Monday, March 16, 2009

Company of the Living Dead

Critics blast AIG as flap escalates over bonuses -
AIG isn't alone, but it's a good symbol for the financial house of cards which is collapsing in ruins around us. Surely the government, banks, investors, and insurers were not powerless to see that a collapse was likely if not inevitable.

Yet government policy encouraged and rewarded an unsustainable orgy of risky lending and unrealistic valuation of debt.

Now AIG has already collapsed, although the mountain of freshly printed cash shoveled into the abyss is supposed to fool us into thinking AIG has been "rescued". The entity moves, walks, talks, and spends as though the orgy were still in full swing, but the soul has already left the body. The federal government, with its 79.9% ownership of this corporate corpse, is the animating principle, the Doctor Frankenstein behind the pathetic creature.
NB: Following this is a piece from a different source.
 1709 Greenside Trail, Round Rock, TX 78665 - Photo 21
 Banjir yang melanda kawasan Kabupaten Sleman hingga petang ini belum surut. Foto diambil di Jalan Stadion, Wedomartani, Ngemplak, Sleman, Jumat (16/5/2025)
But the creature proves to be a hideous embarrassment, refusing to play politely its assigned role as subservient ward of the state.

Frankenstein's monster ran amok, but at least Frankenstein created only one. Governments are rarely satisfied to produce only one hideous, overreaching disaster. As the "rescue" of AIG will prove to be somewhat less successful than was hoped, the meddlers surely will not repent of their dreams, but will redouble their efforts to realize them, meddling more and more with whatever remains of the economy. They'll create more and bigger monsters, uglier and more destructive: impotent, and doomed to wander the economy as insatiable zombies, tethered to their capricious and increasingly useless rulers, leaving a pestilence of poverty and servitude behind them.